In 2009, term limits (not only that for President) were abolished by a referendum.
And a post of Executive Vice-President was created to direct the day-to-day operations of the government and to exercise duties and powers that may delegated to him or her by the President as well as to act as the chief operating officer. He or she is being appointed by the President and can be removed via censure by the National Assembly. The Executive Vice-President is also politically responsible to the National Assembly side by side with the ministers.
The new constitution also converted the formerly bicameral National Assembly into a unicameral legislature, and stripped it of many of its former powers. Thus, the new single-chamber National Assembly dropped the prior traditional arrangement of the bifurcation of legislative powers between a Chamber of Deputies and a Senate.

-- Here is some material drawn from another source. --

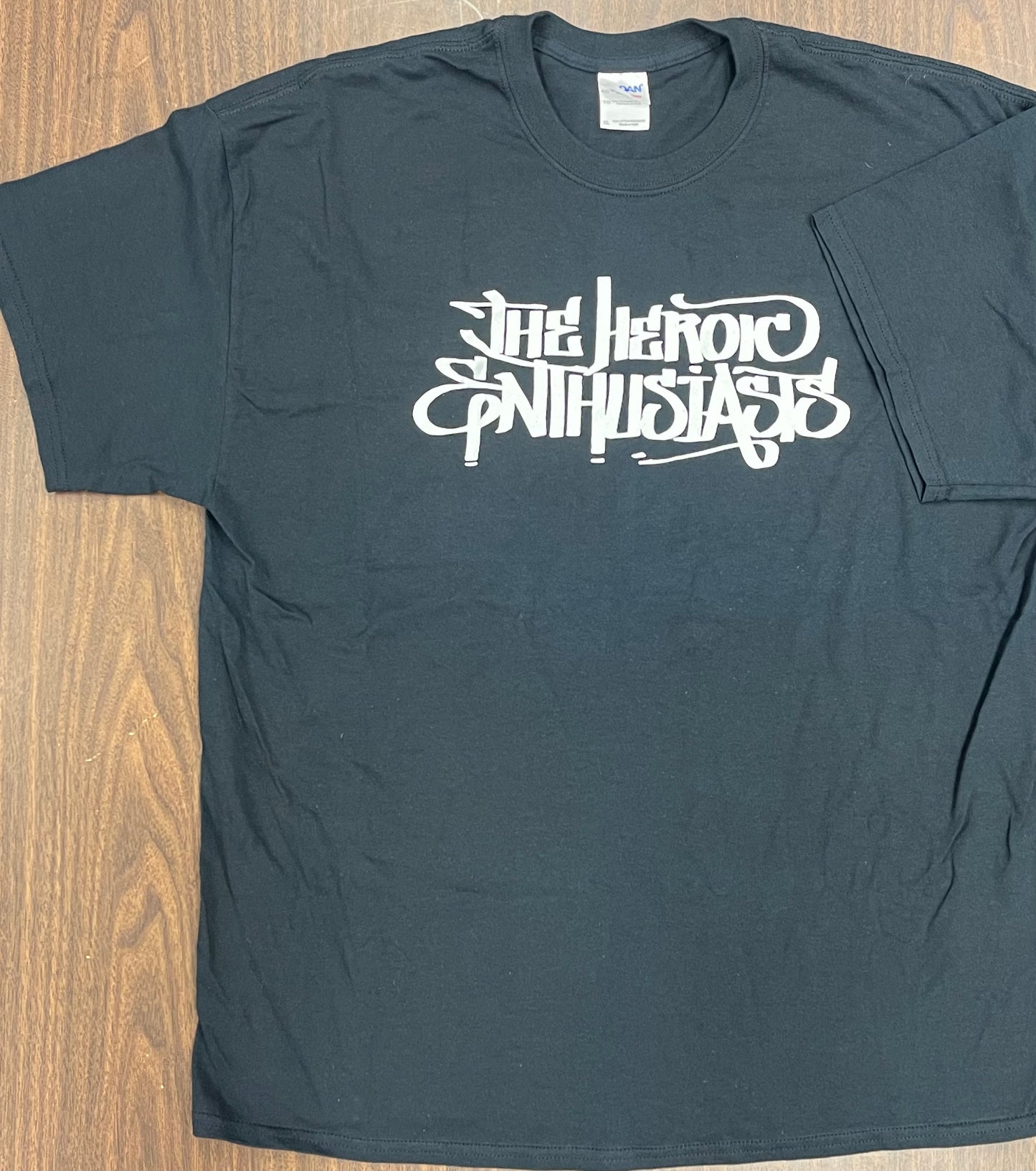 The Heroic Enthusiasts Graphic Graffiti Logo T-Shirt (WHITE on BLACK)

In addition, the legislative branch's powers were substantially reduced and transferred to the President of Venezuela.
Provision was also made for a new position, the Public Defender (Defensoría del Pueblo), which was to be an ombudsman office with the authority to check the activities of the presidency, the National Assembly, and the constitution – Chávez styled such a defender as the guardian of the so-called 'moral branch' of the Venezuelan government, tasked with defending public and moral interests.
This is an idea derived from Bolivar's constitutionalism.
Lastly, the Venezuelan judiciary was reformed. Judges would, under the new constitution, be installed after passing public examinations and not, as in the old manner, be appointed by the National Assembly.
As Articles 83–85 under Title III of the 1999 Venezuelan Constitution enshrine free and quality healthcare as a human right guaranteed to all Venezuelan citizens, the Hugo Chávez administration attempted to fulfill its constitutional obligations via the Barrio Adentro program. Notably, Article 84 under Title III mandate that the healthcare furnished through such public programmes as Barrio Adentro be publicly funded, and explicitly proscribes under any circumstance its privatization. The relevant text from the 1999 Bolivarian Constitution reads:
Article 308 of Title VI the Venezuelan constitution showed a changed view on businesses. This article sought to introduce support for alternative management of businesses. Mentioned in the article are cooperatives, family-owned businesses, small businesses and savings funds. The government supported these alternatives as a way to democratize capital and challenge oligopolistic control of the economy.
Amendments proposed by President Chávez and parliament were twice decided in referendums:
- 2007 Venezuelan constitutional referendum – wide-ranging amendments were very narrowly rejected;
- 2009 Venezuelan constitutional referendum – abolition of term limits for various public offices (including president; a proposal to abolish Chávez's term limits was present also in 2007 amendments) was narrowly approved.